Exercise directions> Using the data below, transcribe exactly everything from the line that contains "Welcome back. In" down to the line that contains "There's an extra". Include both of those lines and none of the pictures.

Stored data>
##############################

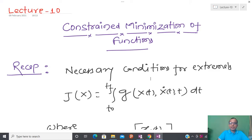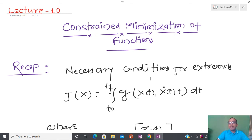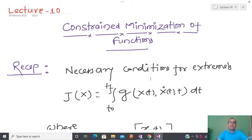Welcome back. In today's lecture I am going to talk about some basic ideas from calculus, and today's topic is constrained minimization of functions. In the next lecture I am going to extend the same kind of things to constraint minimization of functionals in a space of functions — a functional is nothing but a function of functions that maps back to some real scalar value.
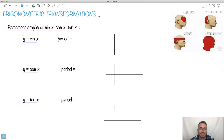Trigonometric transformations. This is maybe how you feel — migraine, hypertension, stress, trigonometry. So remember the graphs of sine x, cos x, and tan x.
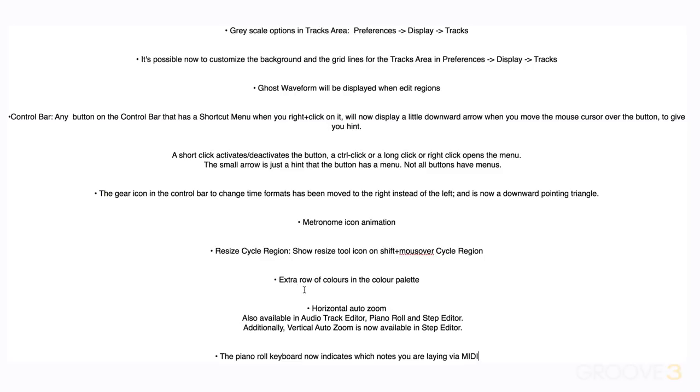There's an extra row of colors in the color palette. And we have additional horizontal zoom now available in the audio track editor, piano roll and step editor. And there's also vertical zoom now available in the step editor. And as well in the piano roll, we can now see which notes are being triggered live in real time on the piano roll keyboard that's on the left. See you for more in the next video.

##############################

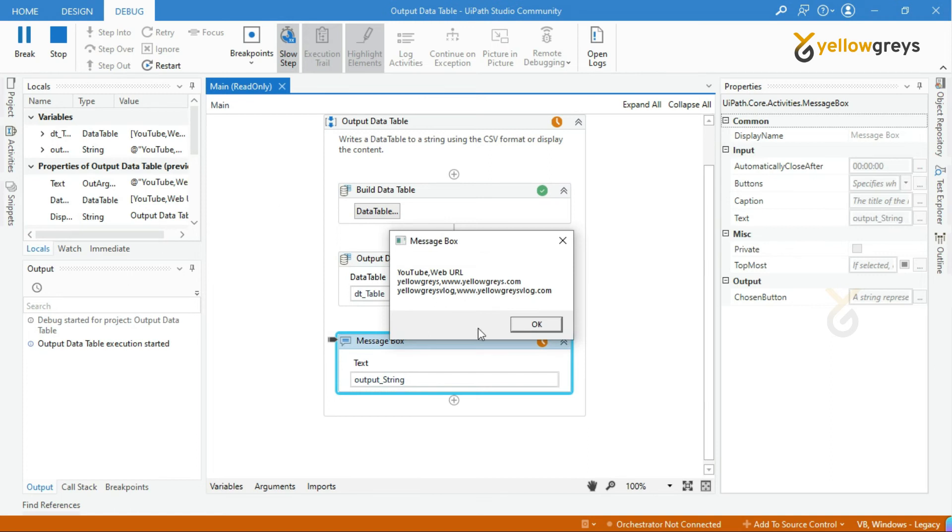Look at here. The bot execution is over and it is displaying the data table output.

##############################

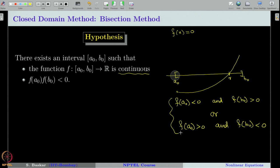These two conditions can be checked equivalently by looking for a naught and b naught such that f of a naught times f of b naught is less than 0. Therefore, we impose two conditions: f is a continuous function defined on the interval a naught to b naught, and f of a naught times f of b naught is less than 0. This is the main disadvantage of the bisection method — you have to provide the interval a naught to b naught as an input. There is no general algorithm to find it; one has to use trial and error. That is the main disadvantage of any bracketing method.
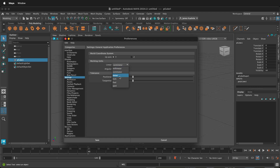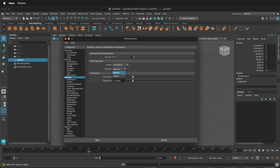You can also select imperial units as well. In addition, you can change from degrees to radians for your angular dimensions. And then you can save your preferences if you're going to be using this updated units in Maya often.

##############################

Answer to the problem>
Welcome back. In today's lecture I am going to talk about some basic ideas from calculus, and today's topic is constrained minimization of functions. In the next lecture I am going to extend the same kind of things to constraint minimization of functionals in a space of functions — a functional is nothing but a function of functions that maps back to some real scalar value.
Trigonometric transformations. This is maybe how you feel — migraine, hypertension, stress, trigonometry. So remember the graphs of sine x, cos x, and tan x.
There's an extra row of colors in the color palette. And we have additional horizontal zoom now available in the audio track editor, piano roll and step editor. And there's also vertical zoom now available in the step editor. And as well in the piano roll, we can now see which notes are being triggered live in real time on the piano roll keyboard that's on the left. See you for more in the next video.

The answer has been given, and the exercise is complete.